> **About this exercise**
Copy the data exactly. Images are to be left out.

> **Dataset section**
▽

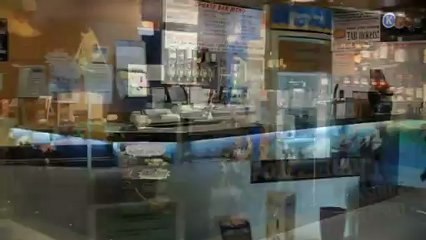 Function Centre Ringwood East Maroondah Sports Club VIC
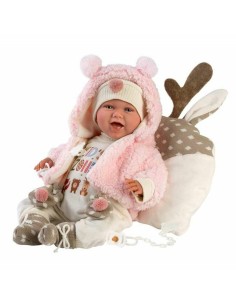 Accueil| Produits StoreProShop
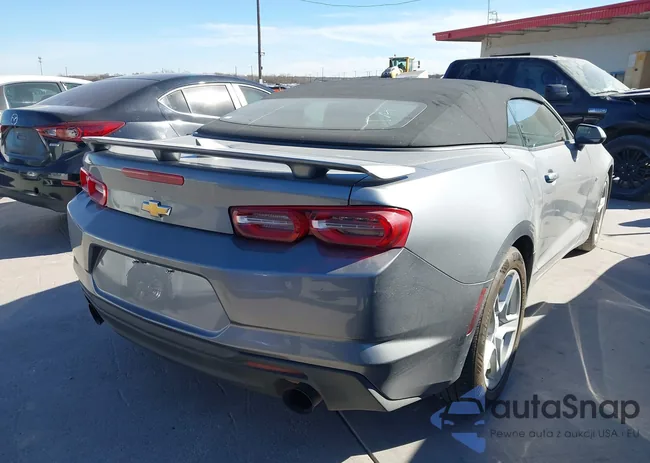 1G1FB3DX1L0104166: 44082037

△

> **Completed exercise**
 Function Centre Ringwood East Maroondah Sports Club VIC
 Accueil| Produits StoreProShop
 1G1FB3DX1L0104166: 44082037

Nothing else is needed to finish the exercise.